Prove that $(n+1)(n+2)(n+3)$ is $O(n^3)$. (Big-o notation)

Question

Will someone help me prove that $(n+1)(n+2)(n+3)$ is $O(n^3)$?

Thank you.

Answer 1

Hint: For all positive integers $n$, your expression is $\le (n+n)(n+2n)(n+3n)$.

Remark: A fancier way of doing the same thing is to show that $$\frac{(n+1)(n+2)(n+3)}{n^3}$$ is bounded above, that is, that there is a constant $C$ such that $\frac{(n+1)(n+2)(n+3)}{n^3}<C$. With some algebra, we find that
$$\frac{(n+1)(n+2)(n+3)}{n^3}=\left(1+\frac{1}{n}\right)\left(1+\frac{2}{n}\right) \left(1+\frac{3}{n}\right).$$ Each term on the right is less than $5$ (we are giving away a lot), so we can take $C=5^3$.
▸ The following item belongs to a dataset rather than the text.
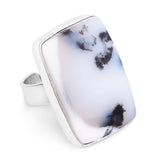 'Winter Wonderland' Dendritic Opal Statement Ring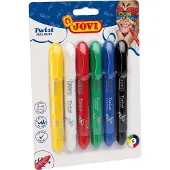 Jovi Face colours Schroefkrijtjes 6-set (3 jaar+)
The reason for the fancier approach is that to show that $f(n)=O(g(n))$ it is often useful to concentrate on the ratio $\dfrac{f(n)}{g(n)}$

Answer 2

We have $$(n+1)(n+2)(n+3)\leq (n+3)^3\leq (n+3n)^3=4^3n^3$$ and the other inequality is immediate and you conclude.

Answer 3

The easiest I guess: $$ (n+1)(n+2)(n+3)\leq(n+3)^3 \leq 4n^3=O(n^3) $$ The second inequality is for $n>N$, appropriately selected $N$

Answer 4

Note that,

if $\lim_{n\to \infty} \frac{f(n)}{g(n)}=c $, $c$ is finite, then $f=O(g) $.

In your case, we have

$$ \lim_{n\to \infty} \frac{(n+1)(n+2)(n+3)}{n^3}=1, $$

which implies $ (n+1)(n+2)(n+3)=O(n^3) .$